April 1, 2020
On April 2, 2020, Governor Cuomo enacted the SFY ‘21 $177 billion budget. CCC appreciates the challenging climate in which final budget negotiations took place and thanks the Governor and the New York State Legislature for their response to COVID-19.
The enacted budget includes several small but significant victories for children and families that CCC has championed for several years. However, the state budget also includes damaging cuts and cost-shifts that will hurt the ability of New York City and other localities to provide the necessary support for immediate needs and recovery. The state budget also does not go far enough to protect the hardest hit New Yorkers and communities during this pandemic. We urge the State to refrain from future cuts and to maximize federal relief resources to mitigate the harmful impacts of this crisis.
Importantly, the enacted state budget includes several small victories that CCC has advocated for, including the following:
• Ends adult incarceration of youth by transferring facilities operated by the adult Department of Corrections and Community Supervision to oversight by the Office of Children and Families.
• Ends the harmful use of solitary confinement in Adolescent Offender facilities where currently youth can be subjected to solitary confinement for up to 22 hours a day.
• Reforms the State Central Register to implement a higher standard to prove child maltreatment and limits reporting to employers, policy changes that will help counter racial inequities in the child welfare system and reduce economic insecurity.
• Includes $250 million to support local Raise the Age reforms (rest of state, excluding NYC).
• Includes $1.7 million to restore reimbursement rates for Children and Family Treatment and Support Services (CFTSS). These innovative behavioral health services were designed to provide family-focused, community-based supports intended to find and treat children’s behavioral health problems early and prevent hospitalization.
• Protects Children’s Health Homes from across the board budget cuts.
• Removes a proposal that would have allowed school districts to seek waivers that would have enabled them to opt out of important special education requirements.
• Restores $5 million to the Advantage Afterschool program
In addition, the Budget includes several new proposals, many in response to COVID-19. The budget enacts a permanent Paid Sick Leave program requiring at least five days of paid sick leave for business with 5-99 employees, and seven sick days for businesses with more than 100 employees. The budget also bans flavored e-cigarettes, caps insulin co-pays at $100, prohibits gender-based pricing discrimination on menstrual products and other goods and services, and provides $10 million in funding to school districts to address student mental health in response to school closures.
However, at a time when New Yorkers desperately need greater State support to combat the devastating impacts of COVID-19, the State budget also includes deeply damaging budget cuts and cost shifts. The enacted budget includes over a billion dollars in cuts to Medicaid, though these cuts are being delayed which will allow the State to draw down federal stimulus funding for COVID-19 efforts. The budget also maintains deep cuts to New York City’s Article 6 Public Health Fund, shifts new costs on to NYC across sectors including child welfare and homeless services, and reduces funding available for Early Intervention. Cumulatively, City officials estimate the state budget will result in approximately $800 million in cost-shifts to NYC.

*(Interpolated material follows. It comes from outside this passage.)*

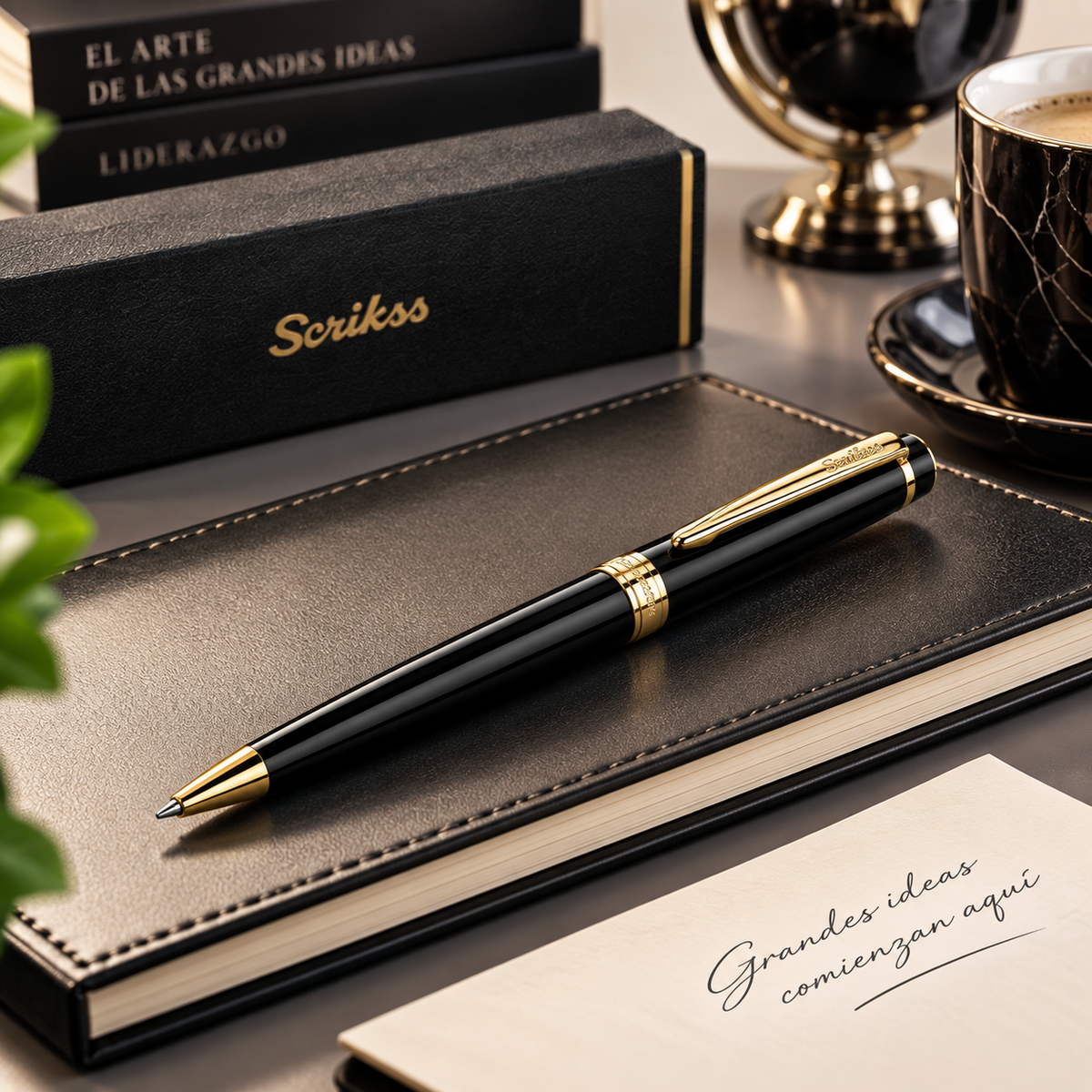 Bolígrafo Scrikss Honour 38 Negro Oro con Estuche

Additionally, the state budget keeps school funding entirely unchanged for the first time in six years. Even before this crisis, and especially now considering it, New York’s students needed more support than ever. Unfortunately, federal education funds granted to New York as part of the stimulus relief package were used to fill in state school aid cuts, resulting in overall flat funding for schools, but preventing localities from using those federal dollars to fund new supports that will be needed for students most-impacted by learning loss in the movement to remote-learning.

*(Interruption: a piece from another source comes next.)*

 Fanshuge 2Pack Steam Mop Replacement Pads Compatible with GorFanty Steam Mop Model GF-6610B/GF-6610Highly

Moreover, the budget does not include any new investments in child care, Pre-K, Preschool Special Education, or rental subsidies to prevent homelessness. The lack of investment in these services for families and communities most at risk will prove to make New York’s recovery even more challenging.

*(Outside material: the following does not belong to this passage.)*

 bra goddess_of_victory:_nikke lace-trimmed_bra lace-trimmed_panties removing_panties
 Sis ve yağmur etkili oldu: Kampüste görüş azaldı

New Yorkers are facing unprecedented challenges from COVID-19, with nearly every aspect of health, mental health, housing, child welfare, education, and economic security impacted. The SFY ‘21 Budget grants the Governor the authority to revisit the budget at regular intervals and propose additional cuts to municipalities. New York City is already facing a $1.3 billion reduction in its budget for the current fiscal year and is facing a gap of $6 billion for the coming fiscal year, an amount which may well grow. Moving forward, we must work with advocates, families, and elected leaders to ensure that the City of New York has the resources needed to protect the services that are so essential to help families weather this storm, come out whole, and recover.